# Aim of the exercise
Return the records that follow unaltered. Omit every picture.

# Material provided

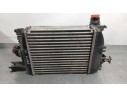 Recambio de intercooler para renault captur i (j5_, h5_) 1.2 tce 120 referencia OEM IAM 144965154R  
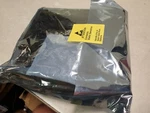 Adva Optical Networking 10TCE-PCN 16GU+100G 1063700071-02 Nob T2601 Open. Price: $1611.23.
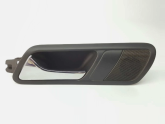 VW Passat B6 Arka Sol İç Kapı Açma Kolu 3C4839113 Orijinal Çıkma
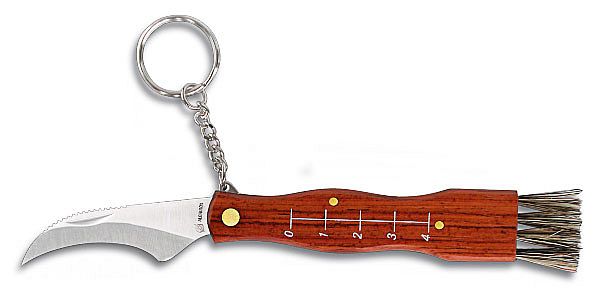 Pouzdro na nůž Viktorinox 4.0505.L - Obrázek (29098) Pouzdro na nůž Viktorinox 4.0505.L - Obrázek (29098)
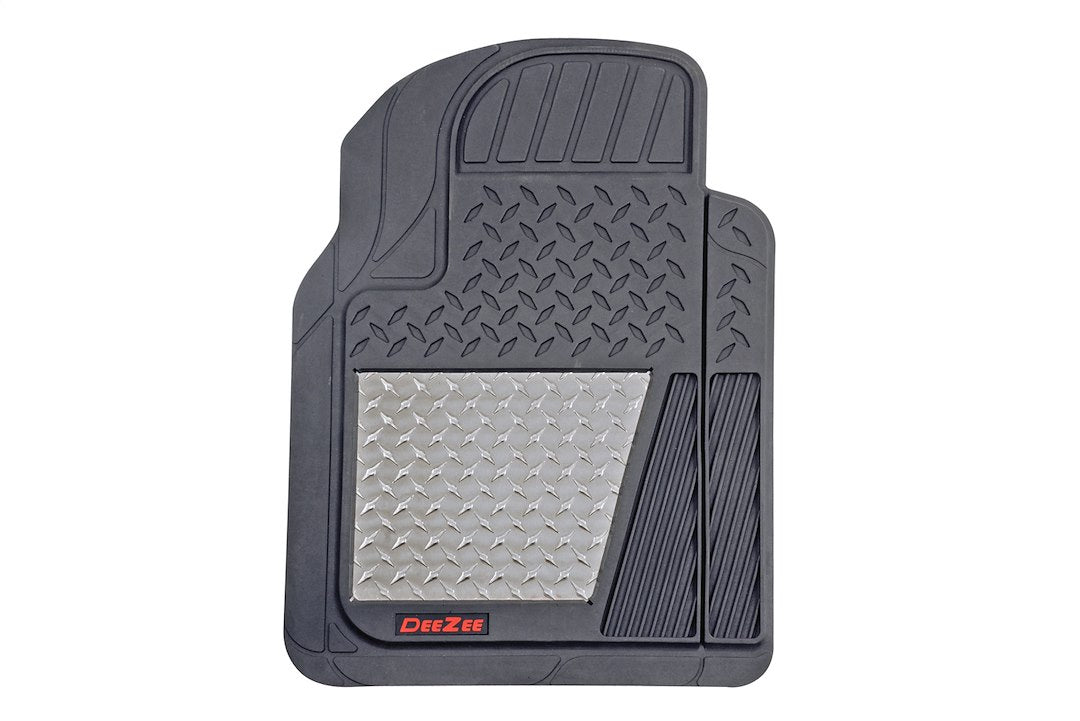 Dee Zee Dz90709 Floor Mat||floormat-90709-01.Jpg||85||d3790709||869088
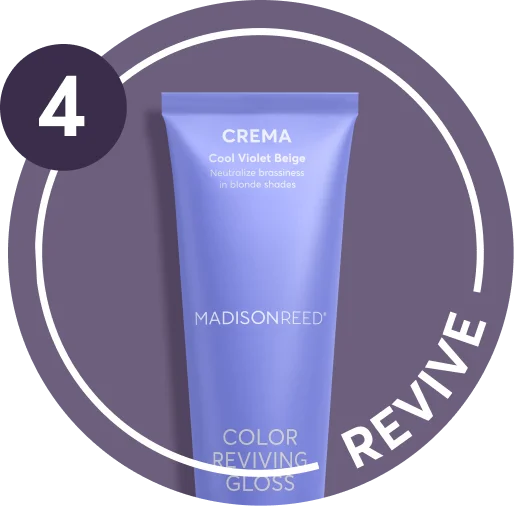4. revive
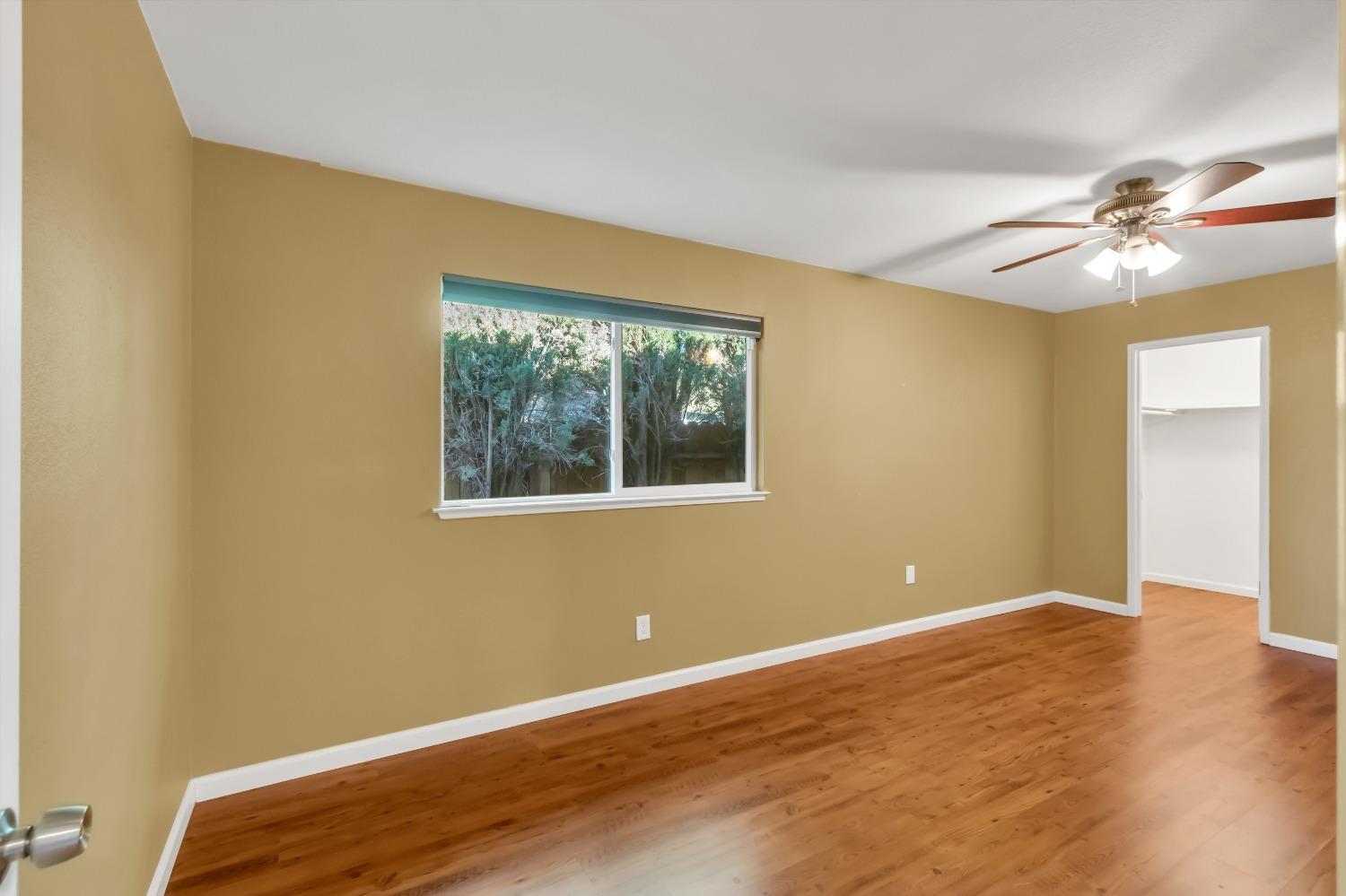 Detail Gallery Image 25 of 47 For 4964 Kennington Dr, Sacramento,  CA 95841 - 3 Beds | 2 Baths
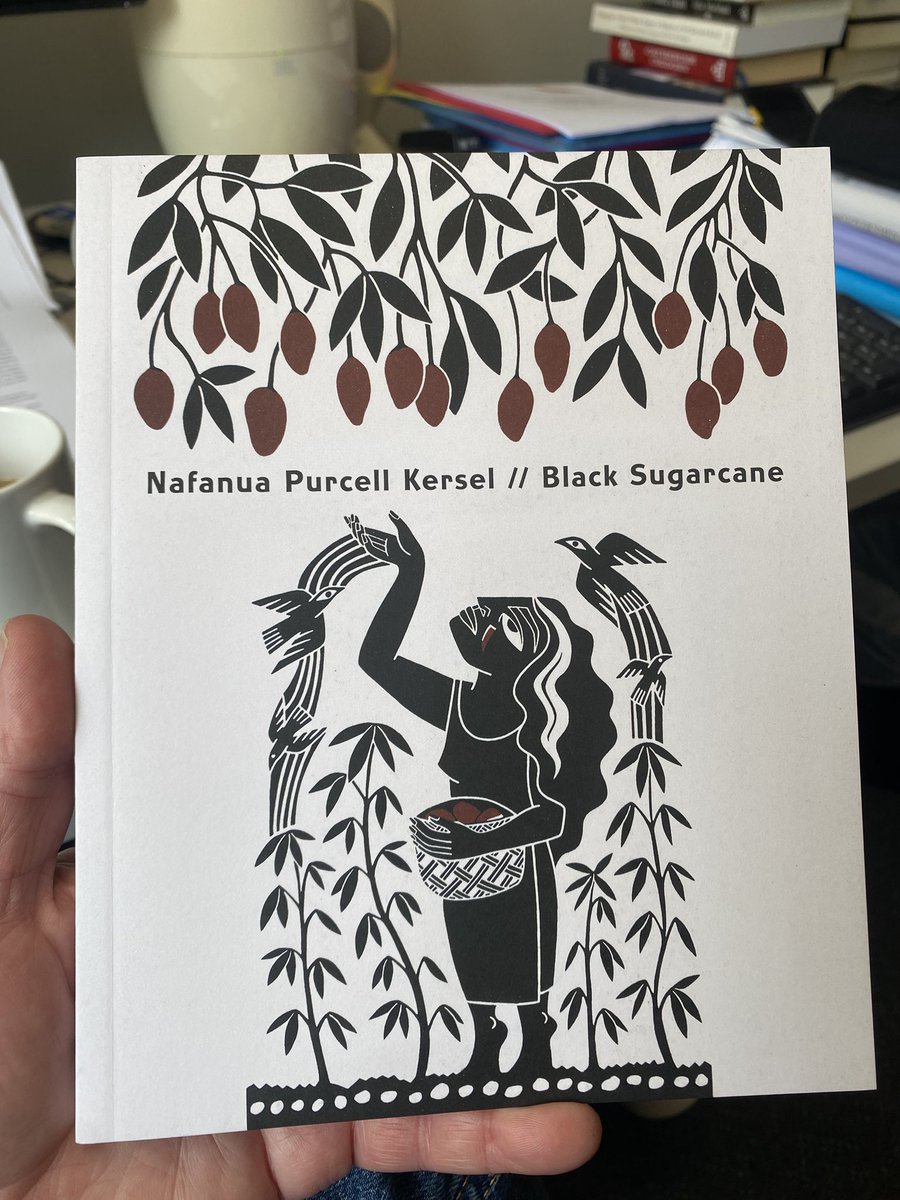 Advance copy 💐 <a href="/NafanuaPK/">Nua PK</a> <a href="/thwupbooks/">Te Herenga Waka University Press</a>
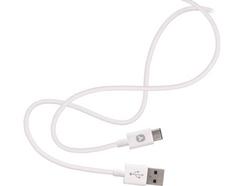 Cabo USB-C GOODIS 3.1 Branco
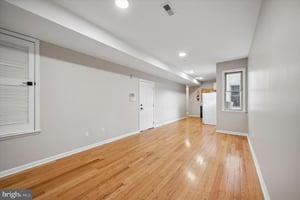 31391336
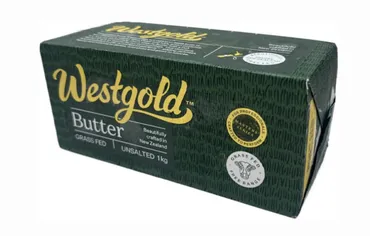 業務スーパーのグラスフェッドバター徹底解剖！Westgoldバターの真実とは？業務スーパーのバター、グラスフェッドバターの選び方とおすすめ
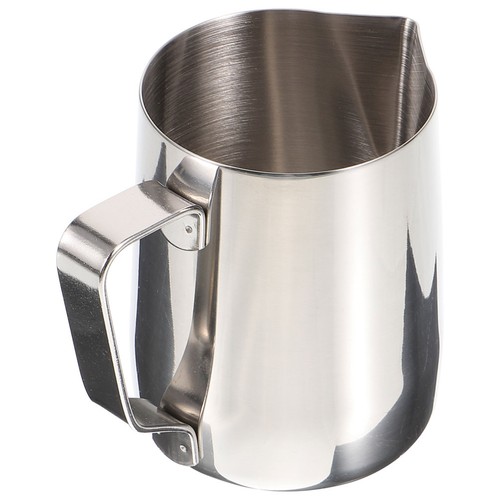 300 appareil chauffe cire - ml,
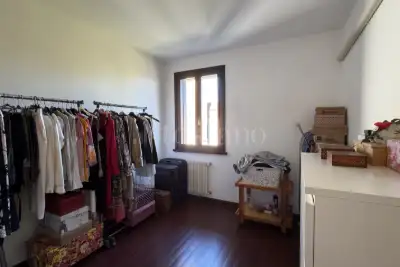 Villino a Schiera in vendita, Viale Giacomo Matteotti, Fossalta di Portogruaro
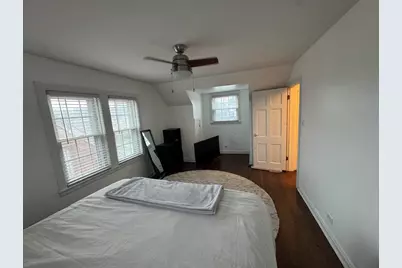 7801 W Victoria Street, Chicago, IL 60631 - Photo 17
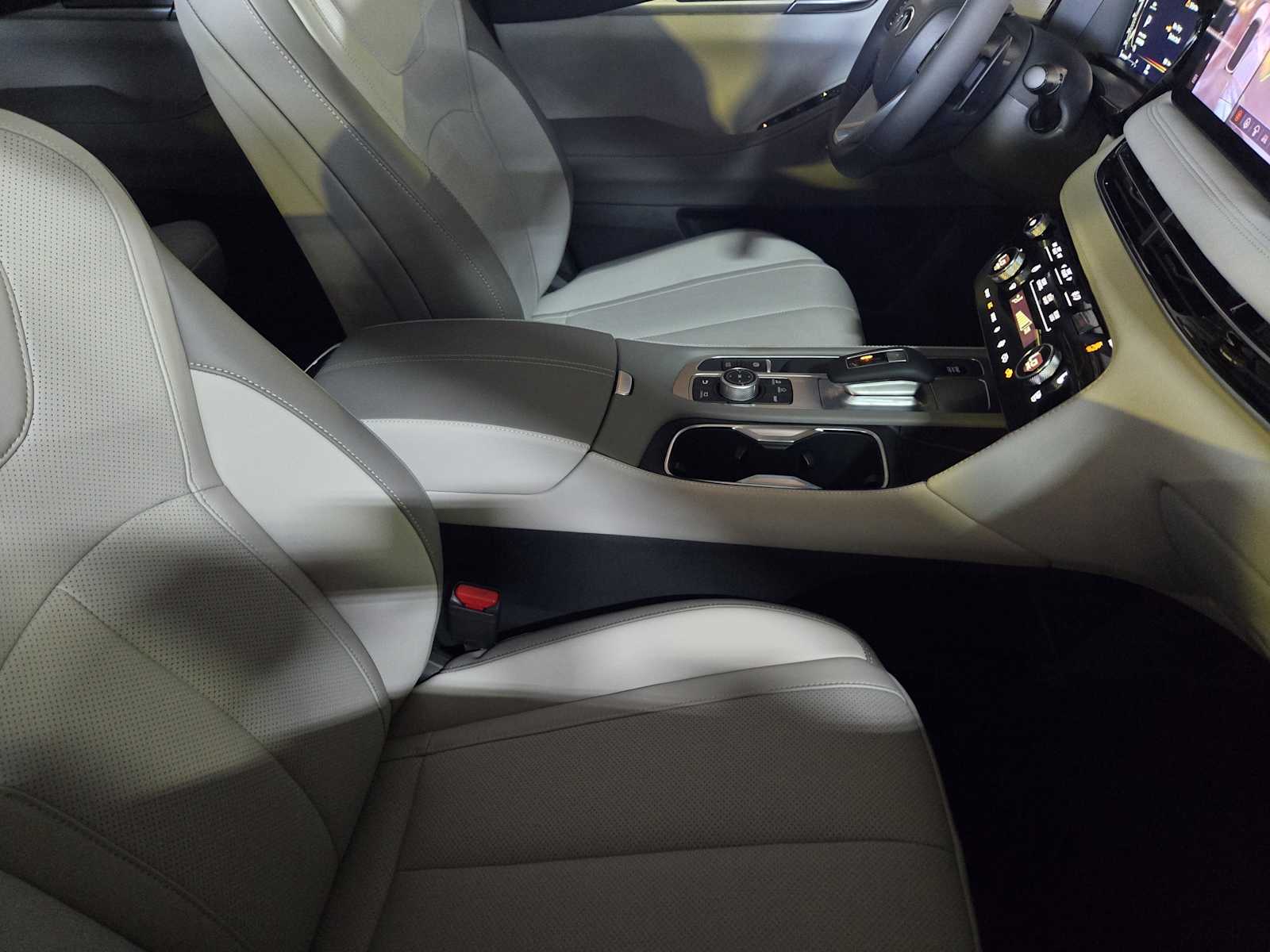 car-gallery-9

# Answer space
 Recambio de intercooler para renault captur i (j5_, h5_) 1.2 tce 120 referencia OEM IAM 144965154R  
 Adva Optical Networking 10TCE-PCN 16GU+100G 1063700071-02 Nob T2601 Open. Price: $1611.23.
 VW Passat B6 Arka Sol İç Kapı Açma Kolu 3C4839113 Orijinal Çıkma
 Pouzdro na nůž Viktorinox 4.0505.L - Obrázek (29098) Pouzdro na nůž Viktorinox 4.0505.L - Obrázek (29098)
 Dee Zee Dz90709 Floor Mat||floormat-90709-01.Jpg||85||d3790709||869088
4. revive
 Detail Gallery Image 25 of 47 For 4964 Kennington Dr, Sacramento,  CA 95841 - 3 Beds | 2 Baths
 Advance copy 💐 <a href="/NafanuaPK/">Nua PK</a> <a href="/thwupbooks/">Te Herenga Waka University Press</a>
 Cabo USB-C GOODIS 3.1 Branco
 31391336
 業務スーパーのグラスフェッドバター徹底解剖！Westgoldバターの真実とは？業務スーパーのバター、グラスフェッドバターの選び方とおすすめ
 300 appareil chauffe cire - ml,
 Villino a Schiera in vendita, Viale Giacomo Matteotti, Fossalta di Portogruaro
 7801 W Victoria Street, Chicago, IL 60631 - Photo 17
 car-gallery-9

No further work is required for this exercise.